Sfide, opportunità e prospettive per una forte collaborazione etica territorio scuola

Daniele Damele  

Presidente Federmanager Friuli Venezia Giulia e Segretario CIDA FVG
Per capire meglio come la scuola possa rispondere ai bisogni del mondo del lavoro dobbiamo comprendere cosa intendiamo quando parliamo di “fabbisogni professionali”. Detto termine indica quali tipi di figure professionali saranno richieste dal mercato del lavoro nei prossimi anni, ovvero quali competenze servono: tecniche, trasversali (soft skills), legate alla digitalizzazione, alla sostenibilità/ecologia, quanto quantitativamente ci sarà domanda, quante posizioni, in quali settori, in che territori. Queste informazioni devono essere usate da scuole, enti formativi, imprese e istituzioni per orientare l’offerta formativa, fare politiche attive, orientamento, e mettere in contatto scuola e lavoro.

Le previsioni occupazionali 2025 2029 recuperabili nel dossier ufficiale “Previsioni dei fabbisogni occupazionali e professionali in Italia a medio termine (2025 2029)” prevedono che servano tra 3,3 e 3,7 milioni di occupati nei prossimi anni, in gran parte per sostituire chi esce dal mondo del lavoro. Tra i settori con più richieste: commercio e turismo; servizi pubblici e privati; salute; formazione e cultura; finanza/consulenza. 

La formazione professionale mostra buone performance in termini di impiego dei giovani. Ad esempio, a tre anni dal diploma, circa il 69% degli studenti della formazione professionale trova lavoro, secondo l’INAPP mentre ci sono settori nei quali la domanda potrà essere superiore all’offerta formativa.
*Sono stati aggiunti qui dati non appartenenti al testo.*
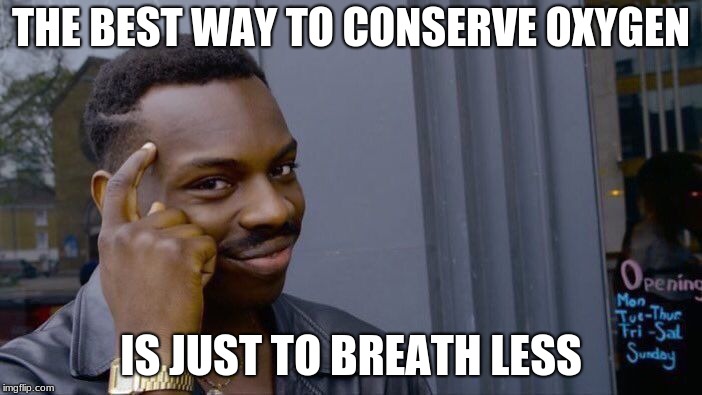 Roll Safe Think About It | THE BEST WAY TO CONSERVE OXYGEN; IS JUST TO BREATH LESS | image tagged in memes,roll safe think about it | made w/ Imgflip meme maker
Ad esempio, per le lauree STEM la richiesta sarà tra i 70 80 mila all’anno, ma l’offerta non raggiungerà i 65 mila. 

Altro esempio: la scuola tecnica e professionale richiede più studenti per soddisfare i fabbisogni professionali (industria, artigianato, meccanica, elettronica, ecc.).  Le competenze emergenti sono quelle della digitalizzazione accanto a competenze ICT, trasformazione digitale ed energie rinnovabili, competenze trasversali (problem solving, adattabilità, capacità di apprendimento continuo) per affrontare cambiamenti veloci nel mercato del lavoro.

Daniele Damele
Presidente
Federmanager FVG e
Segretario CIDA FVG

Daniele Damele Presidente Federmanager FVG e Segretario CIDA FVG

Siamo indubbiamente dinanzi a delle sfide. Alcune difficoltà nel collegamento scuola-lavoro ci sono. In pimis la scarsa tempestività: le offerte formative spesso non si aggiornano abbastanza velocemente rispetto all’evoluzione tecnologica e competitiva delle imprese. Vi è poi una certa disomogeneità territoriale: in alcune regioni ci sono migliori connessioni scuola impresa, più laboratori, risorse, mentre in altre mancano mezzi, esperti, infrastrutture. 
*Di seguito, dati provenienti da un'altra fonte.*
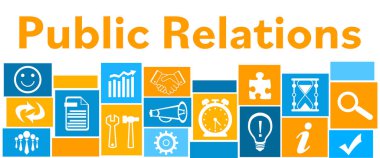 Public Relations concept image with text and business symbols. clipart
Molti studenti non hanno una chiara idea delle professioni emergenti, dei fabbisogni futuri, delle competenze richieste. Ciò può portare a scelte scolastiche non allineate al mercato del lavoro e a ritardi nei repertori/profili formativi che non permettono di aggiornare con rapidità i curricula. 

Che dire, poi, dell’Alternanza scuola lavoro, nata per far vivere esperienze pratiche agli studenti. Andrebbe bene se sussistesse anche un monitoraggio continuo tramite studi/previsioni per capire le tendenze nei fabbisogni occupazionali. Per una validità chiara di detto strumento occorre porre in atto politiche che incentivino la partecipazione del mondo produttivo nella progettazione formativa: laboratori, docenti con esperienza pratica, collaborazioni aziendali.

Scuole, docenti, manager e istituzioni potrebbero considerare di porre in atto un adeguamento dei curricula includendo moduli o percorsi che rispondono ai settori in crescita (digitale, salute, turismo, servizi). Certamente bisogna anche formare i docenti per competenze tecniche aggiornate e capacità di integrare teoria/pratica con imprese/laboratori.

L’orientamento dev’essere precoce e informato, con dati aggiornati sui fabbisogni, visite aziendali, stages, testimonianze professionali. La flessibilità nei percorsi scolastici deve permettere percorsi misti, moduli extra, specializzazioni che possano cambiare se cambiano i fabbisogni.

In altre parole s’impone una forte collaborazione etica territorio scuola con scuole che dialogano con imprese, enti locali, camere di commercio per capire quali figure mancano localmente. Un ruolo determinante potrà essere svolto anche dai manager e da più d’un ente formativo della galassia Federmanager.